“En audience, c’était insupportable d’entendre la misogynie crue et ouverte des accusés.”
Ghislaine se décrit comme une femme « ordinaire », mais son parcours est marqué dès l’enfance par le racisme et par une éducation tournée vers l’indépendance. Son père et sa grand-mère lui répétaient qu’elle ne devait jamais dépendre d’un homme. Sa grand-mère paternelle, une « femme potomitan », incarne pour elle cette force centrale qui tient debout toute une famille. Dans sa lignée, elle puise aussi l’héritage d’un grand-père communiste et d’un arrière-grand-père anarchiste : une tradition de résistance et de pensée critique qui nourrit son engagement.
C’est ainsi qu’elle entre très tôt dans le militantisme, rejoignant le MLF dès 1968. Elle se souvient de cette époque avec enthousiasme et joie, malgré le scepticisme ou la moquerie de son entourage qui jugeait son engagement « pas sérieux ». Cette difficulté à être prise au sérieux l’a accompagnée longtemps, mais n’a jamais freiné sa détermination.
Quand elle découvre l’affaire Pélicot, elle est saisie d’incrédulité. « C’était de l’ordre de l’impensable », dit-elle. Pourtant, au fil du procès, sa colère monte et devient irrépressible. Dans la salle d’audience, elle est bouleversée par la misogynie crue des accusés, et révoltée de voir la victime mise en cause, parfois même par des femmes.Ce procès résonne aussi dans sa vie familiale. Elle raconte avec inquiétude les propos des camarades de sa petite-fille : des garçons qui affirment que s’ils étaient trompés, ils « tueraient » leur compagne.
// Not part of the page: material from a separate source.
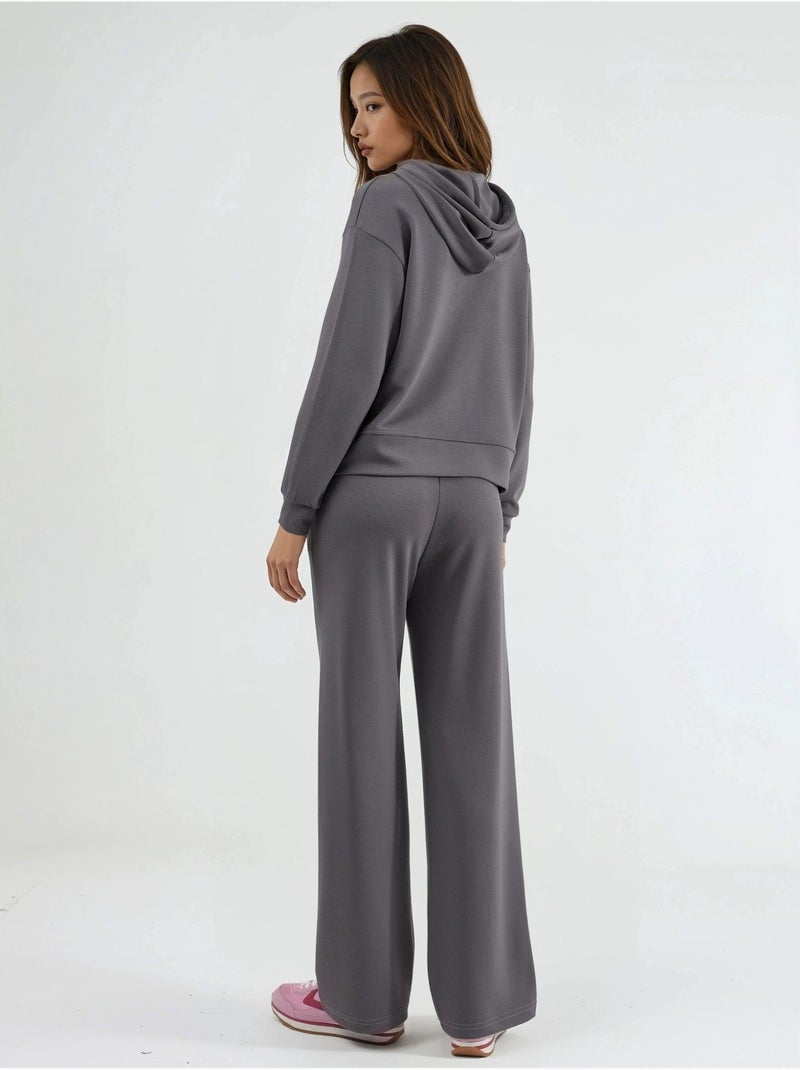 Ensemble deux pièces à capuche, taille haute et jambes larges Gris - Kiabi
Pour Ghislaine, ces réactions révèlent l’imprégnation massive du porno dans l’imaginaire masculin, qui déforme les relations et banalise la violence.
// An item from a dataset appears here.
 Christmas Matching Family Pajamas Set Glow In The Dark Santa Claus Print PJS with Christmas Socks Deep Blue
Son engagement se nourrit de cette colère. « Je colle parce que je suis en colère, pas parce que ça me soulage », dit-elle. Pour elle, l’action est ce qui crée la solidarité, ce qui soude et donne sens. Le partage collectif, après les actions, permet de réfléchir ensemble et de transformer la colère en énergie politique.
Au procès comme dans les actions, elle a ressenti une grande chaleur humaine, une proximité rare. La diversité des femmes présentes l’a rendue plus tolérante, plus ouverte encore. Elle en garde la conviction que le féminisme est un combat vital qui ne doit jamais s’arrêter.
Ghislaine le dit avec simplicité et force : il est temps que les jeunes femmes prennent la suite. Elle sait que la transmission est indispensable pour que la flamme reste vive, et que chaque génération trouve sa manière de prolonger la lutte.